The post is about memory. Whether that is a server, Mac, Dell, Surface, whatever.
Changing the goalposts does not help credibility it trashes it.
The goalposts were not changed. If you feel that way, so be it.
 

Mainsail

macrumors 68020
Sep 19, 2010
2,349
3,115
Because I work with dozens of web administration based systems, and I also have lots of documentation about said systems open, web based docs and pdfs. Lots of internal wiki too. Then I have another dozen or so web based monitoring systems + ticket handling systems. Then web based chat support for some of these systems(some are very critical so need fast support).
I use vertical tabs to keep a structure, based on system, in one of the browsers(Firefox).
In Safari it's more unstructured, here I search tabs when I need something. This is also the "general purpose" browser.
In Chrome I have only a dozen or so tabs, focused on specific monitoring and ticket handling, so easy to find without structure or searching.
Got it. I think you would agree that this is kind of a niche use case. The typical MBA user is unlikely to need hundreds of tabs open.
 

PhireWare

macrumors member
Dec 31, 2008
40
166
One reason Apple should upgrade is they have a reputation of being proactive since Steve Jobs days, hence the Apple premium. there's also the economy of scale benefit to Apple in cutting out the 8Gb run which then adds economy of scale to a much larger 16Gb run and.

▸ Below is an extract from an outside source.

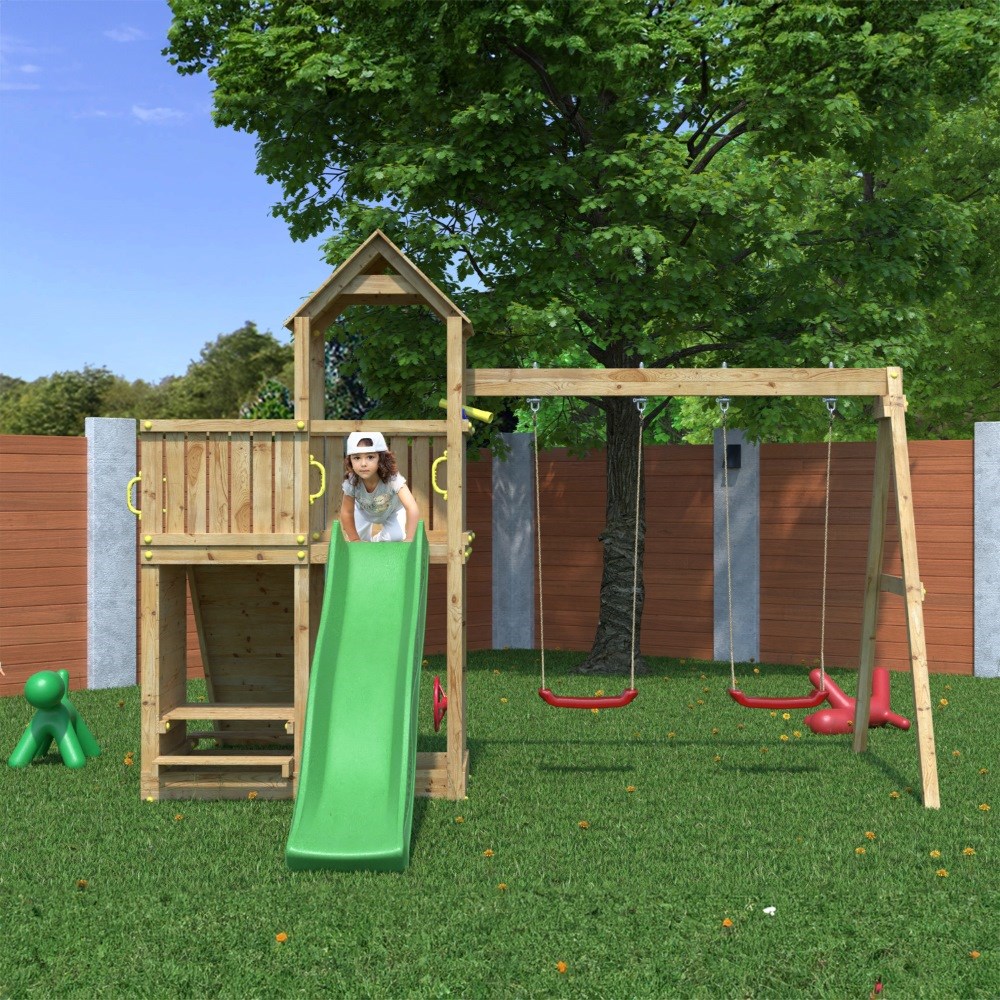 Summit Seeker Wooden Scramble Climbing Frame with Rope | Double Swing & Slide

Can you imagine the PR coup for Apple in arbitrarily increasing base RAM to 16Gb, as. no doubt it would be a Vive La Difference in Apple marketing rather than the disingenuous 8Gb is equivalent to 16GB on a pc, where independent tests make that claim look poor, and where independent tests on Pro Macs with 8Gb and 16Gb show the difference it makes.

They could almost make it self financing, and encourage more Apple users, rather than what appears to be happening, with multiple media pundits, and even industry experts suggesting 8Gb is just not up to it anymore and will certainly not be up to it in the next few years, with more emphasis on gaming, AI, VR etc. and where software already used by many Mac users, already. hits the 8GB minimum just for that one piece of software.
But the 8gb of ram isn't for the people you just mentioned. It's for the moms/dads/grandmas/grandpas that just want a simple laptop that works without fuss and allows them to view pictures of their kids/grandkids, respond to some emails and watch a movie. There's a reason Apple doesn't advertise how much RAM is in the iPhone... it's because a large majority of their users don't know or don't care. The people that are passionate about 8gb vs 16gb minimum are such a small group compared to their overall userbase. Apple will move away from 8gb of RAM as base when it financially makes sense to them, and evidently it doesn't make sense to them yet. Probably because they have thousands of customers (my wife included) who are perfectly happy with their 8gb MacBook Air/Pro. Apple is one of the most valuable companies in the world, obviously whatever they are doing seems to be working for them.